# Hakawati - Dubai Marina Walk Tonight 8pm (18th December)



## newbie913 (Aug 31, 2010)

Hi guys,

I know its late notice but around 15 of us from Social Circles UAE are meeting up tonight at 8pm at Hakawati. 

The Table is booked under my name, Shilpa.

Venue Details:
Al Hakawati Cafe & Restaurant
Ground Floor, Marina Walk, Dubai Marina, Dubai
Landmark: Near Starbucks Coffee
Tel: 04-3682346 

PS: this is not the JBR walk!

Post on this thread if you can make it please


----------



## mohammedmanzoor (Nov 6, 2010)

newbie913 said:


> Hi guys,
> 
> I know its late notice but around 15 of us from Social Circles UAE are meeting up tonight at 8pm at Hakawati.
> 
> ...



Would love to make it

If you could help me out with the directions.

TY

And is it okay if i get a friend along


----------



## newbie913 (Aug 31, 2010)

mohammedmanzoor said:


> Would love to make it
> 
> If you could help me out with the directions.
> 
> ...


More the merrier Mohammed.

Ok I dont drive so the easiest way for me to explain it is to get to Dubai Marina metro station (get dwn Marina exit not JLT). when u come out of the station u walk straight and take the first left. u will see a roundabout, walk straight for 2 mins and it is a whole bunch of restaurants, the first one is Stephanos. Just ask anyone for Hakawati.
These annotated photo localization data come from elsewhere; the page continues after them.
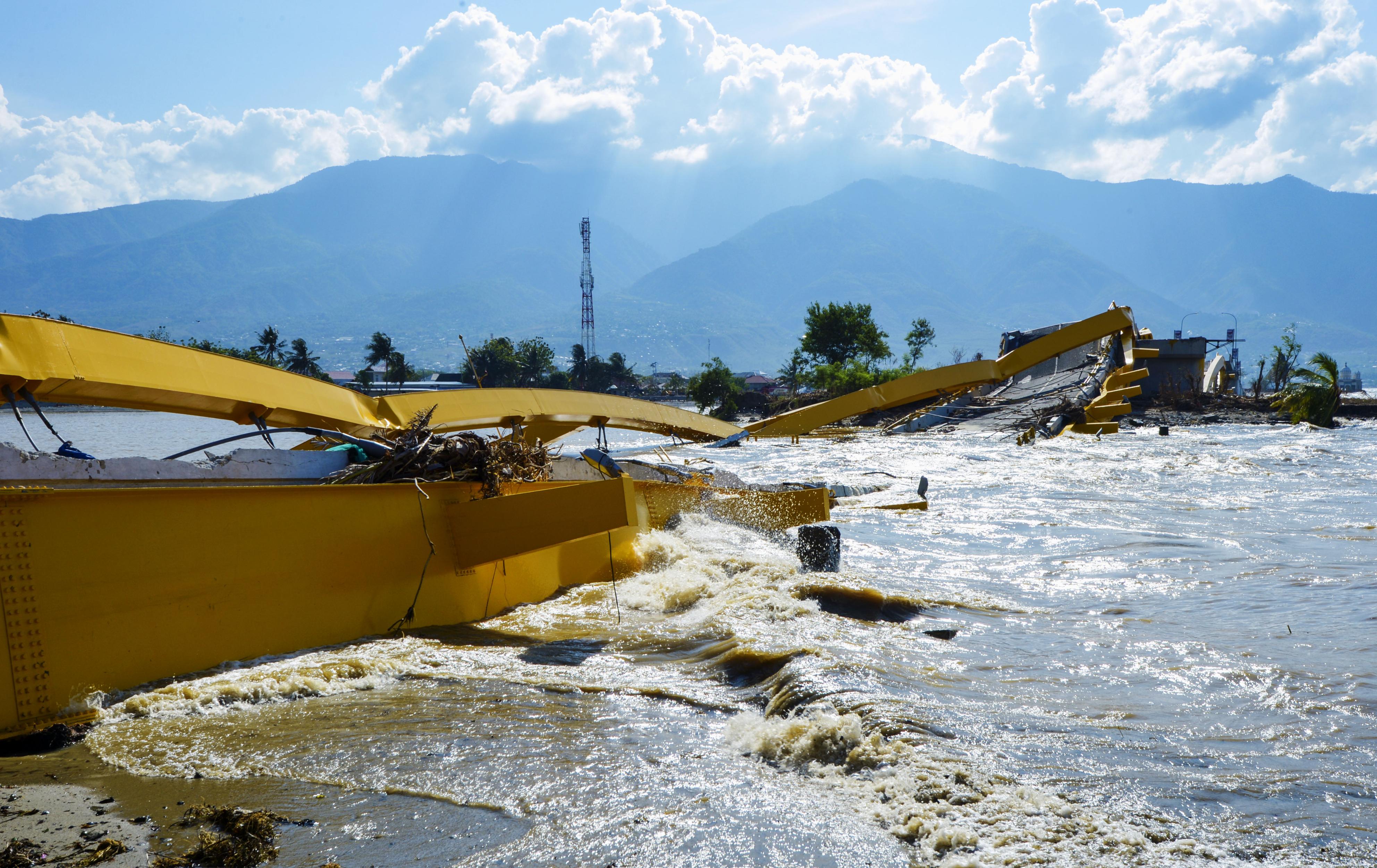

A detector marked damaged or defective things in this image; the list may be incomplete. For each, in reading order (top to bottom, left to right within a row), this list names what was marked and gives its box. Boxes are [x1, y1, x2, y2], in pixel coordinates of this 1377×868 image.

bent steel beam [0, 314, 743, 446]
bent steel beam [743, 307, 1140, 441] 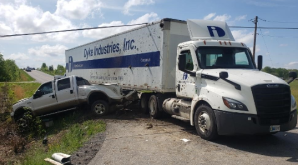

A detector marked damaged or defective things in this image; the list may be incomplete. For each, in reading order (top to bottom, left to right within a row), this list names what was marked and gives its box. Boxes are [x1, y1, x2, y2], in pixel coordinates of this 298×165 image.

damaged pickup truck [11, 75, 137, 121] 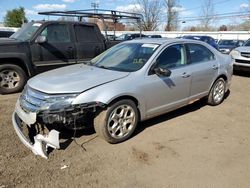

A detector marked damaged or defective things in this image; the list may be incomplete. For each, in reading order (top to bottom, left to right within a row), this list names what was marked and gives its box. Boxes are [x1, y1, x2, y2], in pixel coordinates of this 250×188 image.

crumpled hood [28, 64, 130, 94]
damaged front bumper [12, 100, 60, 159] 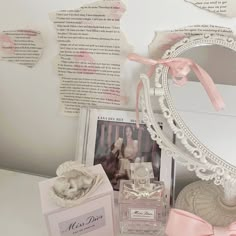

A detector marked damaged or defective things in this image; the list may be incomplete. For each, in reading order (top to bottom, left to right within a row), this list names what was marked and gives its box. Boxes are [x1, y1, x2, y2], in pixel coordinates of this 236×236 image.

torn book page [185, 0, 236, 17]
torn book page [0, 30, 43, 68]
torn book page [49, 0, 133, 116]
torn book page [149, 24, 232, 59]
They have arabic style sofas...


----------



## Nightshadow (Sep 21, 2010)

Wish I could make it... doing the movie night thing at JBR and then drinks at Jambase... have fun guys!


----------



## mikeyb (May 15, 2010)

Nightshadow said:


> Wish I could make it... doing the movie night thing at JBR and then drinks at Jambase... have fun guys!
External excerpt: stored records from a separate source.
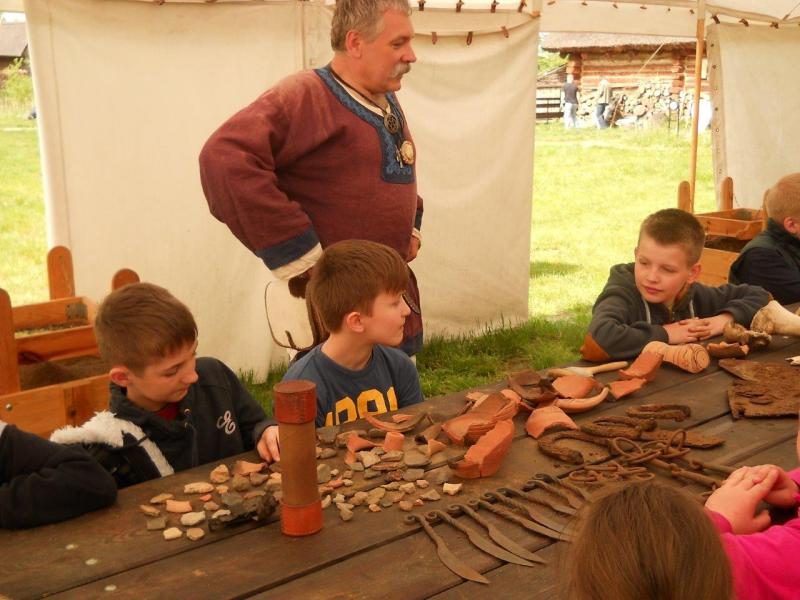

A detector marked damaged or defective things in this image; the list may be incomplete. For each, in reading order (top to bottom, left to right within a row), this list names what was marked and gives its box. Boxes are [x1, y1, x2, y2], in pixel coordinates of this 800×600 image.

rusty iron tool [406, 512, 488, 584]
corroded metal object [404, 512, 490, 584]
rusty iron tool [424, 510, 536, 568]
corroded metal object [424, 510, 536, 568]
rusty iron tool [446, 504, 548, 564]
corroded metal object [446, 504, 548, 564]
rusty iron tool [468, 496, 576, 544]
rusty iron tool [478, 494, 572, 540]
rusty iron tool [496, 488, 580, 516]
rusty iron tool [524, 476, 580, 508]
rusty iron tool [536, 474, 592, 502] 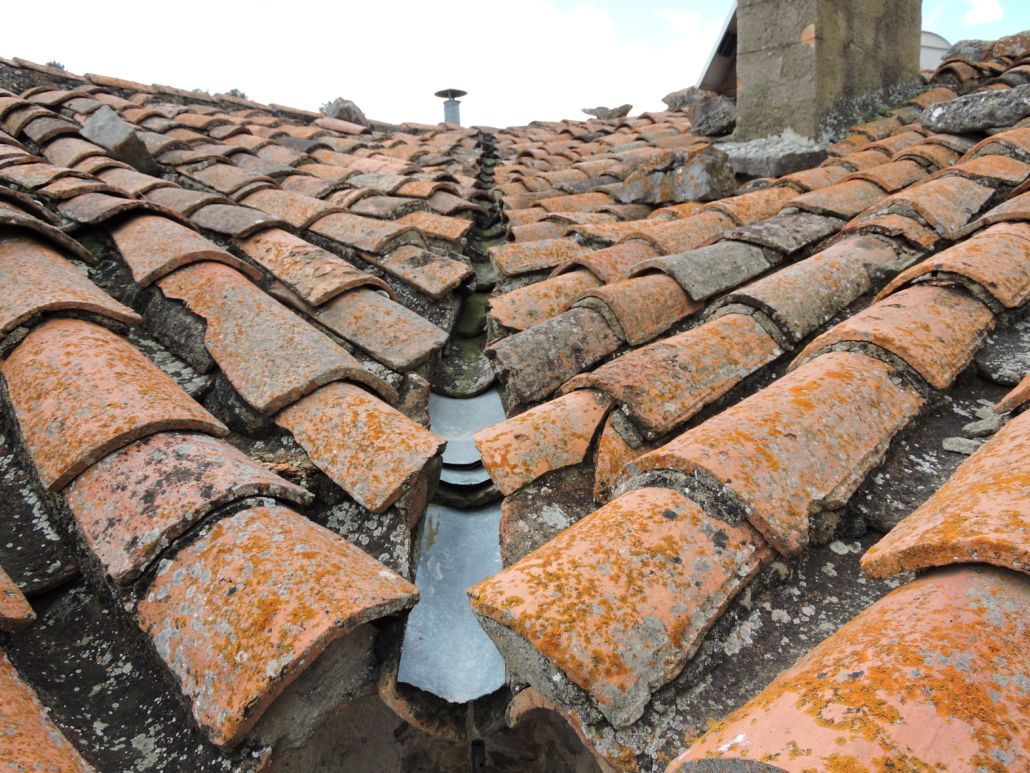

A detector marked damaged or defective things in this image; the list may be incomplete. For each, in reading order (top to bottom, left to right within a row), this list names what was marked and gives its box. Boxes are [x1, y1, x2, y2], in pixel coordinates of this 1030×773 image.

broken roof tile [0, 232, 141, 335]
broken roof tile [2, 319, 227, 490]
broken roof tile [108, 213, 259, 288]
broken roof tile [64, 430, 311, 585]
broken roof tile [156, 263, 389, 414]
broken roof tile [235, 226, 387, 305]
broken roof tile [276, 383, 444, 515]
broken roof tile [473, 393, 609, 496]
broken roof tile [486, 270, 601, 333]
broken roof tile [572, 272, 700, 344]
broken roof tile [564, 311, 778, 439]
broken roof tile [626, 350, 927, 556]
broken roof tile [791, 284, 992, 389]
broken roof tile [865, 412, 1025, 581]
broken roof tile [877, 219, 1030, 307]
broken roof tile [0, 655, 91, 770]
broken roof tile [136, 502, 418, 750]
broken roof tile [471, 490, 770, 733]
broken roof tile [671, 564, 1025, 770] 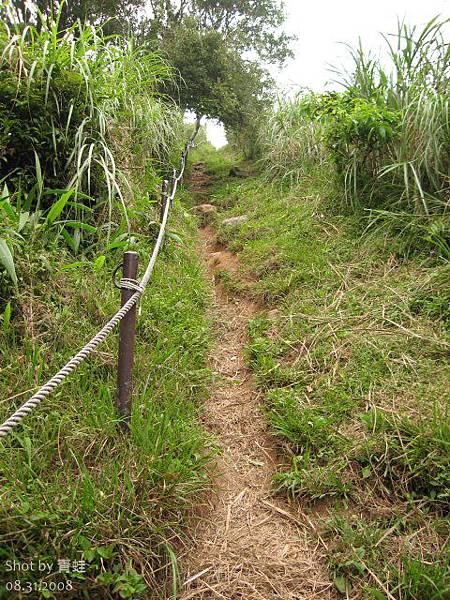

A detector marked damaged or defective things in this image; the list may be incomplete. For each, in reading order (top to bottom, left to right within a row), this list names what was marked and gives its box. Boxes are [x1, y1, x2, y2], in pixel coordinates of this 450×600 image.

rusty post [115, 251, 138, 424] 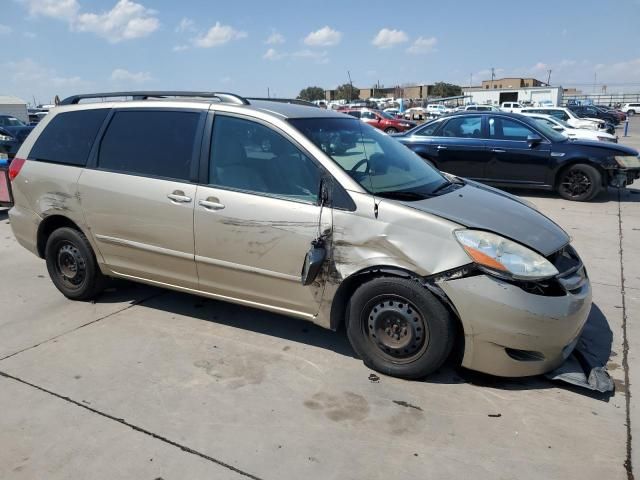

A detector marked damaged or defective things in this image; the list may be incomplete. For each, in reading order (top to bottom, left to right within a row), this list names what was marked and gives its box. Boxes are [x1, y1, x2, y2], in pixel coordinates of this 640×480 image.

damaged toyota sienna [7, 93, 592, 378]
crumpled hood [400, 182, 568, 256]
broken headlight [456, 230, 556, 282]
 Jambase on a School night, oh just remembered you dont work


----------



## mohammedmanzoor (Nov 6, 2010)

newbie913 said:


> More the merrier Mohammed.
> 
> Ok I dont drive so the easiest way for me to explain it is to get to Dubai Marina metro station (get dwn Marina exit not JLT). when u come out of the station u walk straight and take the first left. u will see a roundabout, walk straight for 2 mins and it is a whole bunch of restaurants, the first one is Stephanos. Just ask anyone for Hakawati. They have arabic style sofas...


Thank you


----------